Лампочки горели только в туалете и в ванной. Если потерял что — до утра не найдешь. Жди естественного освещения. А пока, заместо лучины, освещайся ноутбуком, он и во тьме светит.
В общем же и целом — гостей сюда не больно поводишь. Хотя об этом стоило беспокоиться в последнюю очередь — к нему и так никто не ходил. С кем-то он разругался, кто-то про него забыл.
Это был конец марта, двадцать-двадцать. Тогда он впервые услышал про ковид-19, еще будучи в дурке. «Корона» что? Это шутка такая? Смотрели телевизор всем хором, и персонал, и пациенты. Некоторые не верили — это, типа, все развод. Но наш Фома неверующий в ковид-то поверил. Это что-то хорошее — развод, а вот вирус — это запросто.
Ну и зачем этот ненужный идиотизм, уныло думал Павел Александрович.

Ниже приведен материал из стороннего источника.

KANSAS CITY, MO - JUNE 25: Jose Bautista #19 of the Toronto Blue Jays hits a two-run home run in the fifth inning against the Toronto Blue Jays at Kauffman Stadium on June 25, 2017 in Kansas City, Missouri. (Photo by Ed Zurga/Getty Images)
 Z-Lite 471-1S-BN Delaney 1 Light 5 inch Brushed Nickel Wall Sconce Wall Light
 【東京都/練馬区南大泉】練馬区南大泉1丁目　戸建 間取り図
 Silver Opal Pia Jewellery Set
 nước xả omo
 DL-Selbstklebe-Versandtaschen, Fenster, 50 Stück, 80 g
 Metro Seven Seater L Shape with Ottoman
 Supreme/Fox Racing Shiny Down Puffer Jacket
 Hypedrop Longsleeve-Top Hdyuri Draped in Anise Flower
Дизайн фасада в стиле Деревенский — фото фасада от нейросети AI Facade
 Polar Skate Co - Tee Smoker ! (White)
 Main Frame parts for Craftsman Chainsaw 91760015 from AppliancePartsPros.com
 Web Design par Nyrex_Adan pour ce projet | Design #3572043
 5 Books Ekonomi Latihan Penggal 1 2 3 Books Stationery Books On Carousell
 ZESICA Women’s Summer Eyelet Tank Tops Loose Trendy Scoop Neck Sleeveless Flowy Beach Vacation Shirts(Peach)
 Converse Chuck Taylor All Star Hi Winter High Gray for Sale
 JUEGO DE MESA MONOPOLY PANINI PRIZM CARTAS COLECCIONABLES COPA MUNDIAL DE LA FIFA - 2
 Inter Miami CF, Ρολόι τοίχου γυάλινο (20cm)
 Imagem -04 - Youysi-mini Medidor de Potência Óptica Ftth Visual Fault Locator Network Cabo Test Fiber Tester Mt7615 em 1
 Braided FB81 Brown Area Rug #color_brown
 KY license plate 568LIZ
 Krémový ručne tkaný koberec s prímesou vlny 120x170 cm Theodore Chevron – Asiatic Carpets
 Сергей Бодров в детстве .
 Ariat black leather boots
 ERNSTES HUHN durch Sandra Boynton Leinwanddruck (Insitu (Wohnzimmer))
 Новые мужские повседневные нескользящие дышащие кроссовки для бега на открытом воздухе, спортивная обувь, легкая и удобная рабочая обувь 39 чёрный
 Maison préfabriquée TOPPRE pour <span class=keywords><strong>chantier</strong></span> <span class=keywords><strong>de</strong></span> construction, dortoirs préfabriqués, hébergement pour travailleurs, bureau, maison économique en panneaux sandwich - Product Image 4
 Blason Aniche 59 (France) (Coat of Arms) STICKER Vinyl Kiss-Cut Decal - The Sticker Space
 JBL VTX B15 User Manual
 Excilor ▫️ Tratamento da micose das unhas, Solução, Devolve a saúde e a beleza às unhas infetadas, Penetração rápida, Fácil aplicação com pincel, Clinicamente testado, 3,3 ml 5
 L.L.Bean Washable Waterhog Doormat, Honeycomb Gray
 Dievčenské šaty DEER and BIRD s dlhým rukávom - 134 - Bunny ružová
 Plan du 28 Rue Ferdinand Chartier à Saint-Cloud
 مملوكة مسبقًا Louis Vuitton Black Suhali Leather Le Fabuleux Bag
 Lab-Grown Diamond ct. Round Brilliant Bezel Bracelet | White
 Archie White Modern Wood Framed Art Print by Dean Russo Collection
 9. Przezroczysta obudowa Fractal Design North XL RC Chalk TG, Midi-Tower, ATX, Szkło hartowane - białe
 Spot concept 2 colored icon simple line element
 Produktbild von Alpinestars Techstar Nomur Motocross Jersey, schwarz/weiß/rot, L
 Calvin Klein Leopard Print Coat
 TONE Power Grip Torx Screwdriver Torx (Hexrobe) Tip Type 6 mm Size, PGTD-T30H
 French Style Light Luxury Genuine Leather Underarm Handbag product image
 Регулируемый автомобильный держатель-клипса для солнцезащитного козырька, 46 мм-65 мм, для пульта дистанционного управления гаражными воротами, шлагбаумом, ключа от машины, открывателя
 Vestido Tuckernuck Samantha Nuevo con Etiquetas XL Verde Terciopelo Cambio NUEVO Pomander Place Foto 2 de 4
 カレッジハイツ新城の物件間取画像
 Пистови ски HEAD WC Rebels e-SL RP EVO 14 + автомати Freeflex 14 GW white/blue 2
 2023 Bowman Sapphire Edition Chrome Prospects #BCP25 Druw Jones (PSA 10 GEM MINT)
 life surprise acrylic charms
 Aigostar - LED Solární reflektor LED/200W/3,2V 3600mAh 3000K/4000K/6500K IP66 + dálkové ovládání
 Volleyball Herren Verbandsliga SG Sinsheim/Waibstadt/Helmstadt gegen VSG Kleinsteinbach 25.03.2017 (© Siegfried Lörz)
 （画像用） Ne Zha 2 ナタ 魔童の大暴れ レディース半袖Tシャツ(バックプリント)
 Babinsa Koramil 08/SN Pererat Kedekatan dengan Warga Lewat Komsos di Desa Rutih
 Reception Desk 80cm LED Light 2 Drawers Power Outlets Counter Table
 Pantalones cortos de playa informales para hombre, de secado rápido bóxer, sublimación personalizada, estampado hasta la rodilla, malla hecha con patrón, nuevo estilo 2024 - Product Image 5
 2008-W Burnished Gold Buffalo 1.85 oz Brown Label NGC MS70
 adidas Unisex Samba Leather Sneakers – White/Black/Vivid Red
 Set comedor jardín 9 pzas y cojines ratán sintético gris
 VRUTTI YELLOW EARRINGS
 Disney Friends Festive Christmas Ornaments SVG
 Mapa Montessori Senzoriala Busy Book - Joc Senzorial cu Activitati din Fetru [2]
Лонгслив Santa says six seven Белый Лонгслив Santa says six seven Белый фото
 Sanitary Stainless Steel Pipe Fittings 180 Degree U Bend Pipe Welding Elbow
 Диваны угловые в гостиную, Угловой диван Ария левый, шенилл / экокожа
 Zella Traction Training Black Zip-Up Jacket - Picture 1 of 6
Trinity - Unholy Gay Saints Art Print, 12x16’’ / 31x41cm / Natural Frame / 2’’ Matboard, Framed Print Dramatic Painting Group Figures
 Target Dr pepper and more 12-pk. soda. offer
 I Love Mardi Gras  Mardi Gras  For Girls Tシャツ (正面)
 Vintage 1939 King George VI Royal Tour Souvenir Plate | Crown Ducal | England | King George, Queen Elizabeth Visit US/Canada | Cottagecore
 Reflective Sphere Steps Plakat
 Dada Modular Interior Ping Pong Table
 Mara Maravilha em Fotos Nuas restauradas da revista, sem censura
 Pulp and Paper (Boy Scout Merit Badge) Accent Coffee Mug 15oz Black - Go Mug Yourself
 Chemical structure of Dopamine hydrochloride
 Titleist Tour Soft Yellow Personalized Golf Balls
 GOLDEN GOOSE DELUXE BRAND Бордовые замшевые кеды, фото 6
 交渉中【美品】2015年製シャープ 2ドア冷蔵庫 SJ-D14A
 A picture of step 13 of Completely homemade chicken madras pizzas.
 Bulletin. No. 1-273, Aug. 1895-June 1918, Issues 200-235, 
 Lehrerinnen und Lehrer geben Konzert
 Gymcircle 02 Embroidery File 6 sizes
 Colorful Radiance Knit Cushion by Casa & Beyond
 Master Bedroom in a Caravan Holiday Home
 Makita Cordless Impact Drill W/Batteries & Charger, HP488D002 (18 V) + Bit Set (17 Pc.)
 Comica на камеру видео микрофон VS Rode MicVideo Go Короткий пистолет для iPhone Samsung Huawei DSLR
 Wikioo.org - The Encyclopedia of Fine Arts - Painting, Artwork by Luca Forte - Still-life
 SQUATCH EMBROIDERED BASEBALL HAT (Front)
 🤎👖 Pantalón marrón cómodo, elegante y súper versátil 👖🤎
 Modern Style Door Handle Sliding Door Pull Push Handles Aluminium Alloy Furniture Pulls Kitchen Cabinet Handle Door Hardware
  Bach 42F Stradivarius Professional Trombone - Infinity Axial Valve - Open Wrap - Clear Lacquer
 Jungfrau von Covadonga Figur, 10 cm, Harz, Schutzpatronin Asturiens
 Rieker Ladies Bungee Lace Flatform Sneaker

Я понимаю, есть идиотизм нужный — война там, революция. Ну а это зачем?
Пока шел пешком из дурки до дома (денег с собой не было, не страшно — дотопаешь), он слегка опупел. Город был ирреально пуст. Да не — копашатся кое-где разрозненные фигурки, будто на одном месте. Да не, все-таки двигаются. Он остановился, постоял, покурил. Время не то чтобы прервало свой бег, а как будто сбавило обороты. Все стало медленным. Медленные дома, медленный асфальт, медленное небо. Так, во всяком случае, ему казалось.
А еще было похоже на туман. Лет сорок назад их поселок, находившийся на границе Ленинграда и Ленобласти, накрыло густым, мягким, влажным туманом. И тогда тоже было похожее чувство ирреальности. И как раз приехала двоюродная сестра Таня. Они ходили вдвоем в этом тумане. Глазея на обезлюдевший Питер, он вспомнил и туман, и Таню...
Он увидел пустой Невский, пустую Дворцовую площадь. Ни хрена себе блокбастер! Голливуд — в массы!
Было слегка очково, зато уж до того прикольно, не побоюсь этого слова.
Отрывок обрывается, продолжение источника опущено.